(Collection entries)
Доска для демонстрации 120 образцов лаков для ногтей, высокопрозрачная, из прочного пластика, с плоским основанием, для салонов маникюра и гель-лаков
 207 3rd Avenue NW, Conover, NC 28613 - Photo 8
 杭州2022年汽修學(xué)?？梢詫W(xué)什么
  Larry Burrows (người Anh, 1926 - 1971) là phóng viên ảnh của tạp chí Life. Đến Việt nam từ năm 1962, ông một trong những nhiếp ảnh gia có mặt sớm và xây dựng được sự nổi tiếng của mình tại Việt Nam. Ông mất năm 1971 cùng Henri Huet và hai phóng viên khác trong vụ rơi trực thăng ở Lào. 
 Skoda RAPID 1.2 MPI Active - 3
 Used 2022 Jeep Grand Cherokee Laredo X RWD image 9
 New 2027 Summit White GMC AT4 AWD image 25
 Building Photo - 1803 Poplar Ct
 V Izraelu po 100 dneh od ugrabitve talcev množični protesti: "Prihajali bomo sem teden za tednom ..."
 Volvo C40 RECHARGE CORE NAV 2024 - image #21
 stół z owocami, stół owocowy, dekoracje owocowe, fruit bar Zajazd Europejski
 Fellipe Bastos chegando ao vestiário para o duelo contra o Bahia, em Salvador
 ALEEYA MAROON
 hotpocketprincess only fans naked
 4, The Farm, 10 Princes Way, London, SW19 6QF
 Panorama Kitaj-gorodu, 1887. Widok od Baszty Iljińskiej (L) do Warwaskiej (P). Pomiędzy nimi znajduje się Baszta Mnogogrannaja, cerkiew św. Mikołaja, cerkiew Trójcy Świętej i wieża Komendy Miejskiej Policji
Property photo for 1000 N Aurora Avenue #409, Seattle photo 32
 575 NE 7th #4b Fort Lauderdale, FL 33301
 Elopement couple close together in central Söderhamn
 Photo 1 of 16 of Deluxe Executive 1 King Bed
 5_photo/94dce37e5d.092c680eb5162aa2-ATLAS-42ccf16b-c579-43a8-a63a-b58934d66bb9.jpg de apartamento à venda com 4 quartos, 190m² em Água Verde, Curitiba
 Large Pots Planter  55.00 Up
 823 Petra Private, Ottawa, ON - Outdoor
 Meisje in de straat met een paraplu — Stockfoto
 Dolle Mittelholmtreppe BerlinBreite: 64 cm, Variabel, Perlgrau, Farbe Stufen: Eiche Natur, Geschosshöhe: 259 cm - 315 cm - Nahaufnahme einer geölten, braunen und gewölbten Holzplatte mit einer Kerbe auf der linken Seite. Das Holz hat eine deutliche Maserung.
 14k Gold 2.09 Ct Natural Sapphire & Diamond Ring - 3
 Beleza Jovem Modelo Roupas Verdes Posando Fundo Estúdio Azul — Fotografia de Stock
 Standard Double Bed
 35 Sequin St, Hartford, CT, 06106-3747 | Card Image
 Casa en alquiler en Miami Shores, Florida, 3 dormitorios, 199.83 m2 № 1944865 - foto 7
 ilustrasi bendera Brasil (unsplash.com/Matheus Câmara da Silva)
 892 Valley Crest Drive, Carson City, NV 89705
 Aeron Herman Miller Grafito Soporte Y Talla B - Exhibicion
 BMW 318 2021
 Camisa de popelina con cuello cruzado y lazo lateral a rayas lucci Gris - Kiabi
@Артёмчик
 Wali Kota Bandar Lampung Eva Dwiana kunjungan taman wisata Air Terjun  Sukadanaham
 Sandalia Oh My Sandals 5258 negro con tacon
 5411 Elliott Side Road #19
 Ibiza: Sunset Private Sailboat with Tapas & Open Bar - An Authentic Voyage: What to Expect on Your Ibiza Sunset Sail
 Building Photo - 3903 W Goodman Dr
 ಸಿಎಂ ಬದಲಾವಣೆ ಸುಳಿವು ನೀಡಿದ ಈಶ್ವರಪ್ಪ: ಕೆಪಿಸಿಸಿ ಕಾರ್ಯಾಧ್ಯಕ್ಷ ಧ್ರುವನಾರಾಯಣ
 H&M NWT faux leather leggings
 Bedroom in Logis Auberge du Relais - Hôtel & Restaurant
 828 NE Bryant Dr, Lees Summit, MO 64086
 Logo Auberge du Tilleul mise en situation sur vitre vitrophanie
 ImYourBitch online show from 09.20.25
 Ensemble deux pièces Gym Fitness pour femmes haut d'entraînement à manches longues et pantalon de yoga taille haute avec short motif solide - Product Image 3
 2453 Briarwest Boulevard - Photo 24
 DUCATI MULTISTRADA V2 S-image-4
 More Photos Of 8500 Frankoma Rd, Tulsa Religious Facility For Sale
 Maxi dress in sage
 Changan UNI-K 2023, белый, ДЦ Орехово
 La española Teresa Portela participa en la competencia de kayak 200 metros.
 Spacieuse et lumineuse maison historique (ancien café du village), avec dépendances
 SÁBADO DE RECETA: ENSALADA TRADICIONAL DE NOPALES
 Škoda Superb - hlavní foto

TO DO -> Going through the entries above, show each line that contains "Building".

SOLUTION TO THE PROBLEM ->
 Building Photo - 1803 Poplar Ct
 Building Photo - 3903 W Goodman Dr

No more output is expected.